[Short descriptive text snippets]
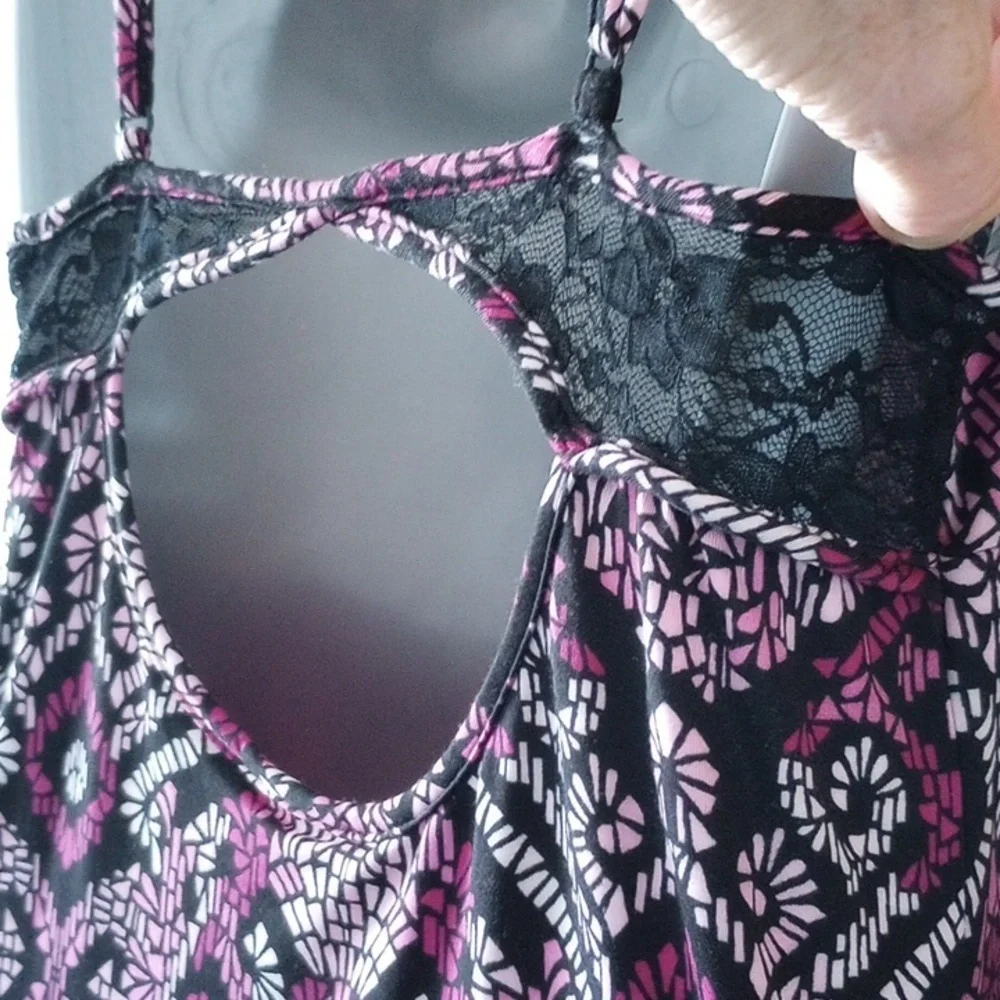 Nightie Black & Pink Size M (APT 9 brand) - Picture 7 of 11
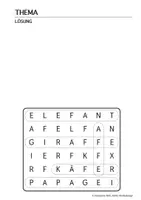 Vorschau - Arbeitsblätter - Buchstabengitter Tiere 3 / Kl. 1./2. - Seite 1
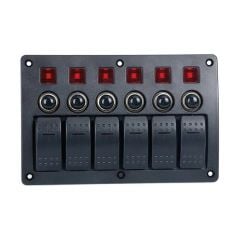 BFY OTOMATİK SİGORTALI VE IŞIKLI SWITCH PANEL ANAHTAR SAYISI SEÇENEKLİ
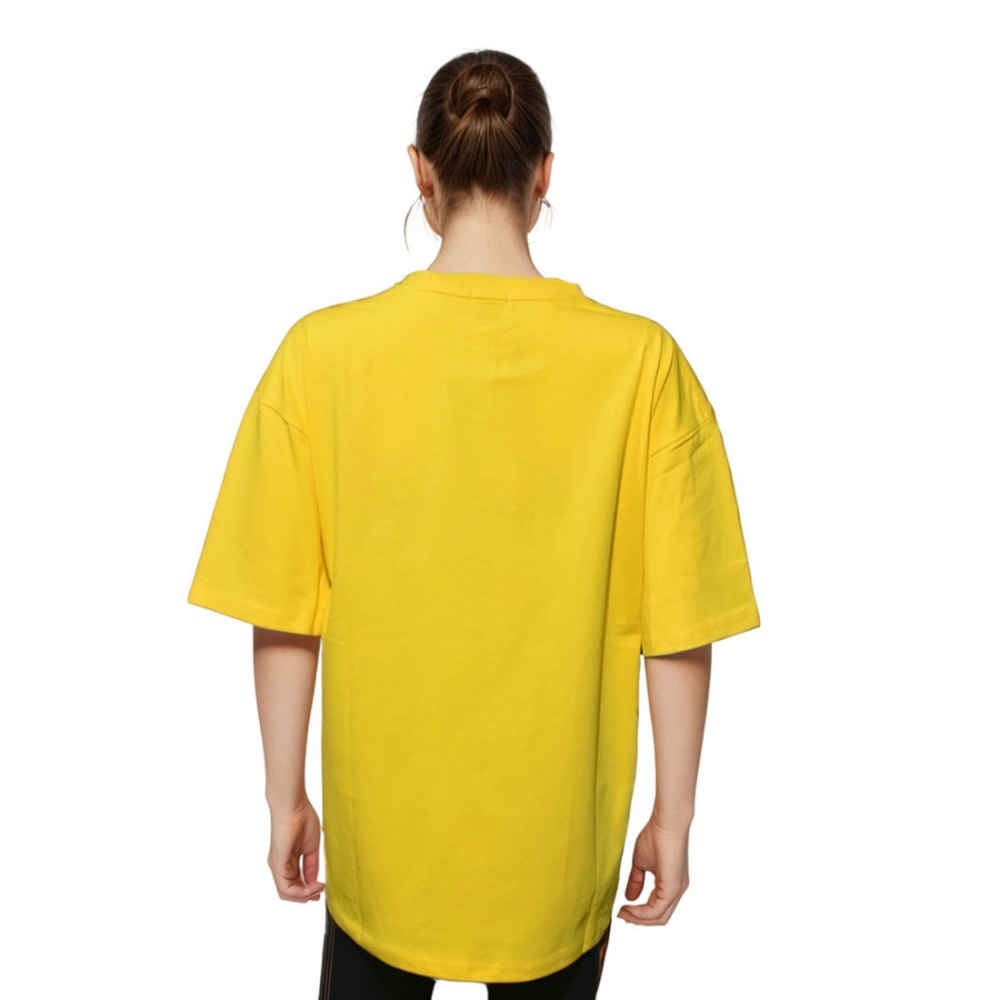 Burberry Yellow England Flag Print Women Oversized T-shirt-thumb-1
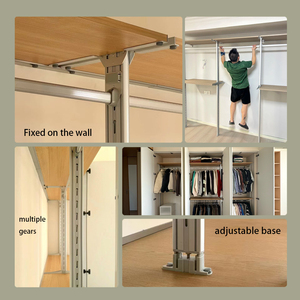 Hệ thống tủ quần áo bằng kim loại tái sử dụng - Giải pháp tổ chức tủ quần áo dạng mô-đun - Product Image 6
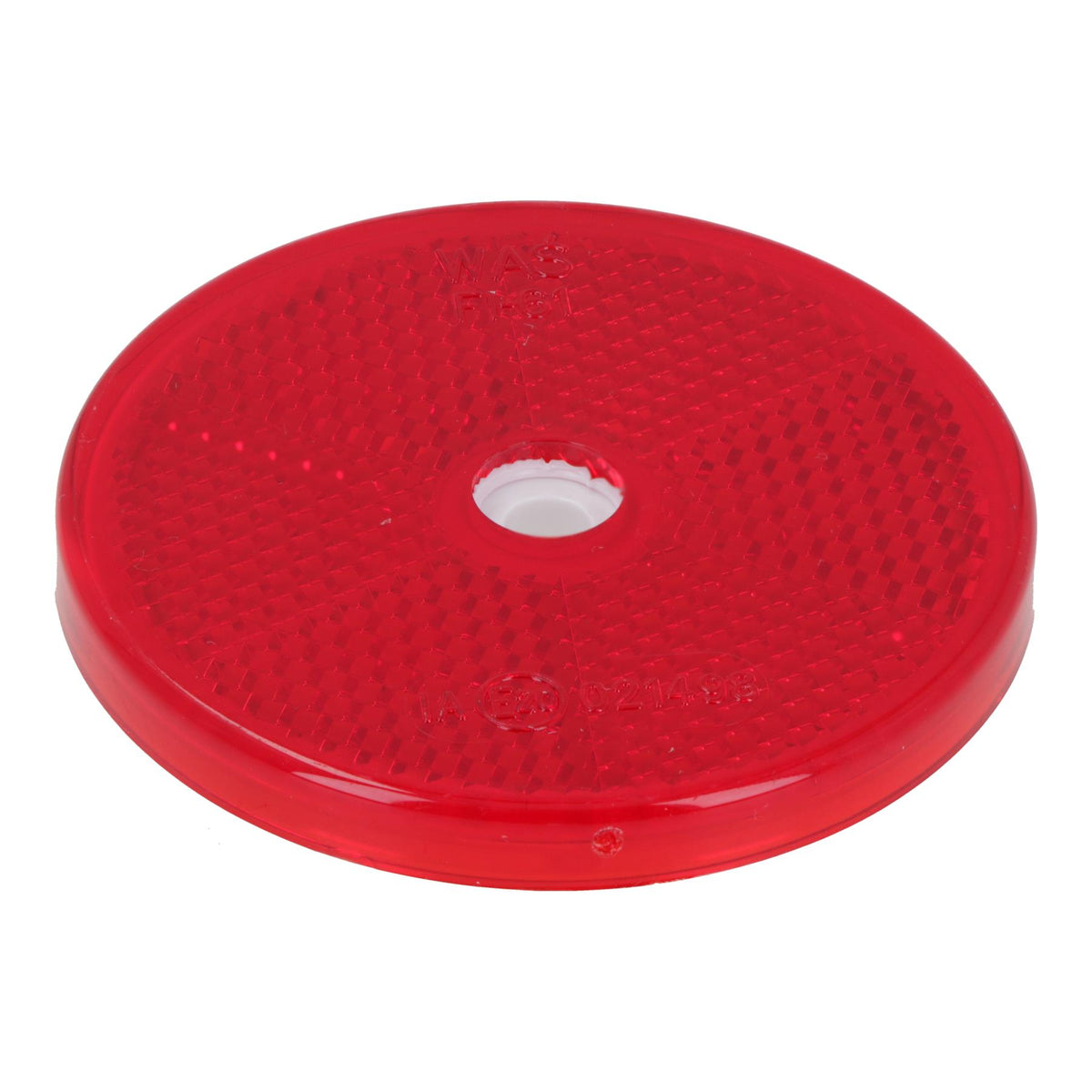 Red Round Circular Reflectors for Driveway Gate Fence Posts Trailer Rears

• _Your instructions_: Only the lines from the one with "Burberry Yellow England" through the final line of the entries above are to be repeated, exactly as written and without pictures.

• _Reply_:
 Burberry Yellow England Flag Print Women Oversized T-shirt-thumb-1
 Hệ thống tủ quần áo bằng kim loại tái sử dụng - Giải pháp tổ chức tủ quần áo dạng mô-đun - Product Image 6
 Red Round Circular Reflectors for Driveway Gate Fence Posts Trailer Rears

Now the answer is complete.